EXERCISE →
Find how many lines below mention "Soft". Nothing but the number is needed.

-----

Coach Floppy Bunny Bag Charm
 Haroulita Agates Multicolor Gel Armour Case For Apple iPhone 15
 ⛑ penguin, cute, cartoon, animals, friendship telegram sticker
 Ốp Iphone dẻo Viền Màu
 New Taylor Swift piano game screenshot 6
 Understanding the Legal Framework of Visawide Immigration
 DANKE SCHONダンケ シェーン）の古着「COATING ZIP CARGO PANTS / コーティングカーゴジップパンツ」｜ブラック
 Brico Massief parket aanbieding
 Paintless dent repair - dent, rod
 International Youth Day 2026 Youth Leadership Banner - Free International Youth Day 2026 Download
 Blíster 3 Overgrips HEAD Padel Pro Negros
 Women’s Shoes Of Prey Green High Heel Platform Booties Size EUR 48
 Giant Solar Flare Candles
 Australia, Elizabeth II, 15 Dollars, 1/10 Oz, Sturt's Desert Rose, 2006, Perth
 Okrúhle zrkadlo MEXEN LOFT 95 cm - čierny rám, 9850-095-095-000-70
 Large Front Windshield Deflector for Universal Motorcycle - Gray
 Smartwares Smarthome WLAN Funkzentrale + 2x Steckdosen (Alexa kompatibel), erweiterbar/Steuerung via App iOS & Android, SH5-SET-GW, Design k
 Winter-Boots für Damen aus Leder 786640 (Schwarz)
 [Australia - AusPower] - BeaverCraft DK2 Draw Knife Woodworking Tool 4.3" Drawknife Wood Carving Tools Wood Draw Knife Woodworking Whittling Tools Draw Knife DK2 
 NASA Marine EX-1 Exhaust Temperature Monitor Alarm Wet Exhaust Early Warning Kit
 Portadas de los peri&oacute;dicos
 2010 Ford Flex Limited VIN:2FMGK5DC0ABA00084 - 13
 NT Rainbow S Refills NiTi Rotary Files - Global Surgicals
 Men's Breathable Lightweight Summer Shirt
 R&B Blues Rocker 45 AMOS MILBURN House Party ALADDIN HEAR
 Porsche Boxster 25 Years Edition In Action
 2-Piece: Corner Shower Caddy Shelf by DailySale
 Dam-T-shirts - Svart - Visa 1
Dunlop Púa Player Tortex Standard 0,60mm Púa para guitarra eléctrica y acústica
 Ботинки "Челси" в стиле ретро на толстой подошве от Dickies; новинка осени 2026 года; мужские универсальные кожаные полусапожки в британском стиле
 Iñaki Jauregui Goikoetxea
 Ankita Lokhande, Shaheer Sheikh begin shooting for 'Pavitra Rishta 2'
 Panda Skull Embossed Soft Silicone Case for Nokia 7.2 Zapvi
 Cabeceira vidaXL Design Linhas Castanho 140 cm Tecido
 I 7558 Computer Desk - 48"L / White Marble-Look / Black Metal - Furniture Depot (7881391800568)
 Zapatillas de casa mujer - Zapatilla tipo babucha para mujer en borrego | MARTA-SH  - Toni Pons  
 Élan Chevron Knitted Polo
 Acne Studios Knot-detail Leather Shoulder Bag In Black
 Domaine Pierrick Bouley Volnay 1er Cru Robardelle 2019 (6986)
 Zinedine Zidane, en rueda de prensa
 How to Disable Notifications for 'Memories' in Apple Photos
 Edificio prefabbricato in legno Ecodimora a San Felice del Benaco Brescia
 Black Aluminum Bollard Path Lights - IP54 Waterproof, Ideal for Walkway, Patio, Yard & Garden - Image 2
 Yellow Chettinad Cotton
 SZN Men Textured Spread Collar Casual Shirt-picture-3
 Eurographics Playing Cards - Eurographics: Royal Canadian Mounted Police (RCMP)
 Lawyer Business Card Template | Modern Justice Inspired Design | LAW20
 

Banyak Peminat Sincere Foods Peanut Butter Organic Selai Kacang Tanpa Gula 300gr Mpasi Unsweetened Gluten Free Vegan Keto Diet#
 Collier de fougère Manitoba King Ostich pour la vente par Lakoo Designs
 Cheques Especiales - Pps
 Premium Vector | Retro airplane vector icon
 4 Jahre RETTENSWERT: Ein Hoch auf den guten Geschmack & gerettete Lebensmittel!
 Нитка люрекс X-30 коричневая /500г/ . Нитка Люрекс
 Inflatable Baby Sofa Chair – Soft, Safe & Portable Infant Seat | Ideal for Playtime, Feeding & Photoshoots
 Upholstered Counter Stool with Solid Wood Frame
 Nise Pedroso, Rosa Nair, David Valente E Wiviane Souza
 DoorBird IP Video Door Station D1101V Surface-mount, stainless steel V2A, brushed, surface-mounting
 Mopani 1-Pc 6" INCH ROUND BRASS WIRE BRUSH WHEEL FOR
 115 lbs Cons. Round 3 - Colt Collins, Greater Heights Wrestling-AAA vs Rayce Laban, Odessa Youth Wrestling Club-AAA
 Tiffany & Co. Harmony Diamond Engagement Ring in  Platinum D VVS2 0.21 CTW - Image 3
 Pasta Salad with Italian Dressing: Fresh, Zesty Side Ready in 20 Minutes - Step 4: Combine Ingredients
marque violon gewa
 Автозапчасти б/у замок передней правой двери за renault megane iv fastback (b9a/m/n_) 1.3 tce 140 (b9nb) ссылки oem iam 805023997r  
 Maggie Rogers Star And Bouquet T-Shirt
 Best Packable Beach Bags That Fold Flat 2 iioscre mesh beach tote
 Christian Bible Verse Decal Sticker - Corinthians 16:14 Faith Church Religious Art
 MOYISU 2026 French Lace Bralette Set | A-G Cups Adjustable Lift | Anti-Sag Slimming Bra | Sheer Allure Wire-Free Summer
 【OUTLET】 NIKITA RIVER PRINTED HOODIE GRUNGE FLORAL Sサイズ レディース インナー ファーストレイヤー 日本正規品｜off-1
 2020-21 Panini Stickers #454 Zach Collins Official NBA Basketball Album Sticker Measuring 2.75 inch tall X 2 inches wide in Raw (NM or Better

-----

SOLUTION TO THE EXERCISE →
2